Laurence V, Forbes M A, Cooper E H
Regional Radiotherapy Centre, Cookridge Hospital, Leeds, UK.
Br J Cancer. 1991 Jun;63(6):1000-4. doi: 10.1038/bjc.1991.217.
A study of the epithelial mucin marker MCA was made in 233 patients with breast cancer. Only 6% of 72 patients with Stage I-III disease had a raised MCA (greater than 15 U ml-1) when assessed following surgical treatment of the primary tumour. Raised levels of MCA occurred in one out of 20 (10%) patients with stable local recurrence, and six out of ten (60%) patients with progressive local recurrence. In 115 patients with metastases 89 (77%) had a raised MCA, tumour extent and disease activity both influenced the MCA level. The change of MCA level during the treatment of 11 cases of local recurrence and 55 cases of metastatic disease showed a 64 and 84% concordance respectively with the change in clinical status. Coincidental measurement of MCA and bone scans showed a raised MCA in one out of 63 (1.5%) patients with negative or equivocal scans, and 26 out of 35 (74%) with positive scans. MCA provides a useful marker for the monitoring of the treatment of local recurrence and metastatic disease, and an independent indicator of the effects of changes in treatment.
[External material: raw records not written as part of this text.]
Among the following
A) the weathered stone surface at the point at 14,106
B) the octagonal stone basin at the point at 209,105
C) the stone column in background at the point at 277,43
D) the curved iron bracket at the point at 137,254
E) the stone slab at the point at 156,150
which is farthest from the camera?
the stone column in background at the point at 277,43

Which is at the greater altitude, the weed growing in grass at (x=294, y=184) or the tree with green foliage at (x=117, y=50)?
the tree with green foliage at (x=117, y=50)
对233例乳腺癌患者进行了上皮粘蛋白标志物MCA的研究。在对72例I - III期疾病患者进行原发肿瘤手术治疗后评估时,只有6%的患者MCA升高(大于15 U/ml)。在20例(10%)局部复发稳定的患者中有1例MCA水平升高,在10例(60%)局部复发进展的患者中有6例MCA水平升高。在115例有转移的患者中,89例(77%)MCA升高,肿瘤范围和疾病活动度均影响MCA水平。11例局部复发和55例转移性疾病患者在治疗期间MCA水平的变化分别与临床状态变化有64%和84%的一致性。MCA与骨扫描同时测量显示,63例扫描结果为阴性或不明确的患者中有1例(1.5%)MCA升高,35例扫描结果为阳性的患者中有26例(74%)MCA升高。MCA为监测局部复发和转移性疾病的治疗提供了一个有用的标志物,也是治疗变化效果的一个独立指标。